Music Review: John Fogerty – Revival

If you think you can't go home again just listen to Revival, the first album of new John Fogerty material since returning to the label that made and nearly broke him. The sounds, songs, and themes of Revival are classic John Fogerty, which is (mostly) good news.

"Don't You Wish It Was True" opens the album with him dreaming of looking into heaven and seeing light, beauty, and harmony. It is another rewrite of John Lennon's "Imagine," but a tuneful one. The music shuffles and swings, evoking pictures of porch swings in front of grand, Southern houses and kids playing in parks.

The breezy sounds and words of "Don't You Wish it Was True" are thickened slightly as his visual trajectory returns to earth and a world that has gone to hell in a handbasket for the Western feel of "Gunslinger." It's an interesting metaphor in the context of this album. Fogerty takes direct aim at the Bush administration throughout the album for cronyism and warmongering but looks for a gunslinger to bring some law and order. The shooting doesn't bother him, just the targets.

FogertyIt's an interesting shift from "can't we all just get along" to "we need somebody to kick a little ass around here" in the first two songs to the political screeds that follow. "Long Dark Night" and "I Can't Take It No More" are dated and clumsy, lacking subtlety and musicality. The snap and bite of the music is undermined by a failed attempt at cleverness in the lyrics of "Long Dark Night." Rather than sounding sharp and righteous, the words are glib, limp, and lame. "I Can't Take It No More" is a rant and a riff without a tune. Unlike "Fortunate Son," this time he forgot to write a song to go with his rant.

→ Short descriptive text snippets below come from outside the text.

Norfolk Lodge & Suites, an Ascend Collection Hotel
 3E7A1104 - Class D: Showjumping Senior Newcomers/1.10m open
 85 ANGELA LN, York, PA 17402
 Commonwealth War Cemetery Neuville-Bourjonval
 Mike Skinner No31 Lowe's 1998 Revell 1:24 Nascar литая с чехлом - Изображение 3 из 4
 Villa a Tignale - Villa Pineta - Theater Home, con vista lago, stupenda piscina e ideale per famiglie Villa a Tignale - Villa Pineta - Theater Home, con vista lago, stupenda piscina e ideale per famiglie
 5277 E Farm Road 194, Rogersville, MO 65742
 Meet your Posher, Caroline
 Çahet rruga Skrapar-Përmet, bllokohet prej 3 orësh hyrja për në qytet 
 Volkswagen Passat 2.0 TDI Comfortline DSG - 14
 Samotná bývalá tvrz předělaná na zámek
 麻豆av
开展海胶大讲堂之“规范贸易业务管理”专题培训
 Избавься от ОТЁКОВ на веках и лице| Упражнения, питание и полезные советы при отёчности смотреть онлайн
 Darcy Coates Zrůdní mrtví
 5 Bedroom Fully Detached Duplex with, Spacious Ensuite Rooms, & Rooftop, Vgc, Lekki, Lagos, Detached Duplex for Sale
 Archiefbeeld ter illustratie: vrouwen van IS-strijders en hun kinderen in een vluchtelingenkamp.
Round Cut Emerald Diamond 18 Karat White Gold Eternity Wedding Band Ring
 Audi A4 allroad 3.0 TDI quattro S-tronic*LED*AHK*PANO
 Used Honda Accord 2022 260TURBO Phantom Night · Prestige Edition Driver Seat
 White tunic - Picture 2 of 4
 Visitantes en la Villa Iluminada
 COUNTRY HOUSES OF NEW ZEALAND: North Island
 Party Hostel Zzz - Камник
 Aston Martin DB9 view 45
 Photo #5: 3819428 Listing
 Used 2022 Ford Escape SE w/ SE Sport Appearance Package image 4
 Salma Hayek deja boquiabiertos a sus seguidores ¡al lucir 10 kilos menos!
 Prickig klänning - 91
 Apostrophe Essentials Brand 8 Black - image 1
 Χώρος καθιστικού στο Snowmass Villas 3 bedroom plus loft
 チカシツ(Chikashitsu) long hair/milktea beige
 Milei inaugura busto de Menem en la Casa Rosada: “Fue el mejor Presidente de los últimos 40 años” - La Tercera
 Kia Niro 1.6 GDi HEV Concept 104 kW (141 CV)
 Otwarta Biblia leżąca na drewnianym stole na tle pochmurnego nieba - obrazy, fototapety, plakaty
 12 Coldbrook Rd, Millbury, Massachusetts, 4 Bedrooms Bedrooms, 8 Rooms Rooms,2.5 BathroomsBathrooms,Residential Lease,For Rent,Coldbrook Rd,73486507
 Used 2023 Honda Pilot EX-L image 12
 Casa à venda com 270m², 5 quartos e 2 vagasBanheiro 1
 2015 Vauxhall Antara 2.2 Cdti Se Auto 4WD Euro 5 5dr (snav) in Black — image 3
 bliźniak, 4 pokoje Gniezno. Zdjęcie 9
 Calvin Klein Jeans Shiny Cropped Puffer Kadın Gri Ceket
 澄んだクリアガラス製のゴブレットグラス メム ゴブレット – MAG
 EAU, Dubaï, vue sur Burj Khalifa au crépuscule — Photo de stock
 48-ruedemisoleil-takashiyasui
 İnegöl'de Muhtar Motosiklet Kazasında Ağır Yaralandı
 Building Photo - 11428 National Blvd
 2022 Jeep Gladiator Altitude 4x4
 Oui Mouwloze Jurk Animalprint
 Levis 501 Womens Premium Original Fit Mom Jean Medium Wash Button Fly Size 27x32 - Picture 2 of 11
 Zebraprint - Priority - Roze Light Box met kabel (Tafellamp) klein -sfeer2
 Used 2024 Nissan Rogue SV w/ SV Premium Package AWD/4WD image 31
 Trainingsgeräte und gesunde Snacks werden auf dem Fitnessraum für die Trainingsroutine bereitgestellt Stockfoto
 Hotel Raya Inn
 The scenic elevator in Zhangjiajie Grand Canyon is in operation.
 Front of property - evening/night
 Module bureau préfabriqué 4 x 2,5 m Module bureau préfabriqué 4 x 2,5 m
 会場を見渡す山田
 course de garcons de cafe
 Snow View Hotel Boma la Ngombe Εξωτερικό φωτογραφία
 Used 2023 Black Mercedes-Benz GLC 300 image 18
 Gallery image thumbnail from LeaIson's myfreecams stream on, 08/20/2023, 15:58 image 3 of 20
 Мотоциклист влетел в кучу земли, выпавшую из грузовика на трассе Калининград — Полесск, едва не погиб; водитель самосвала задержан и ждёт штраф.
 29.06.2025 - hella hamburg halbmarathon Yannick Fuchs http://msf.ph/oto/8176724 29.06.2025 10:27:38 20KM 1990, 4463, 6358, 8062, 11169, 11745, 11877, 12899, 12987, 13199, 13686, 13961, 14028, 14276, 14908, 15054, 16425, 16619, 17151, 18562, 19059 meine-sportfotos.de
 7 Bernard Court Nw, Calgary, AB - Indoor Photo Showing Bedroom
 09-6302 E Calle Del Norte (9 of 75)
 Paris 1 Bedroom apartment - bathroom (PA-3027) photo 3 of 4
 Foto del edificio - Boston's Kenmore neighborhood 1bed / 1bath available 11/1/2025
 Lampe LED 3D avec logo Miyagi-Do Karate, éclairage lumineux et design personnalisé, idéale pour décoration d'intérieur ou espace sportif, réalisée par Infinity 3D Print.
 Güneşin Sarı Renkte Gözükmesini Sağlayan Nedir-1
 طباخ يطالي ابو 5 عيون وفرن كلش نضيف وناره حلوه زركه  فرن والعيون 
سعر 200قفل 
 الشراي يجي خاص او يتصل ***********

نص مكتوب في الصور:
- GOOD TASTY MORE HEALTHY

The grouchy, topical bent of the record is a bit of a distraction from songs like "Somebody Help Me," a rocker with some fabulous guitar licks and great organ work (the latter provided by Benmont Tench of The Heartbreakers). "Creedence Song" brilliantly reminds us of Fogerty's former day job while "Summer of Love" fuses a little Jimi Hendrix/Cream-era Clapton guitar sound to his classic brand of Bakersfield swamp rock. Even the celebretard rebuke of "It Ain't Right" is still fun because of the rollicking Elvis Presley beat that delivers it.

Fogerty, at his best, is still one hell of a craftsman capable of delivering 12 good songs each time out. Revival comes close to being that album, making it one of the strongest releases of 2007.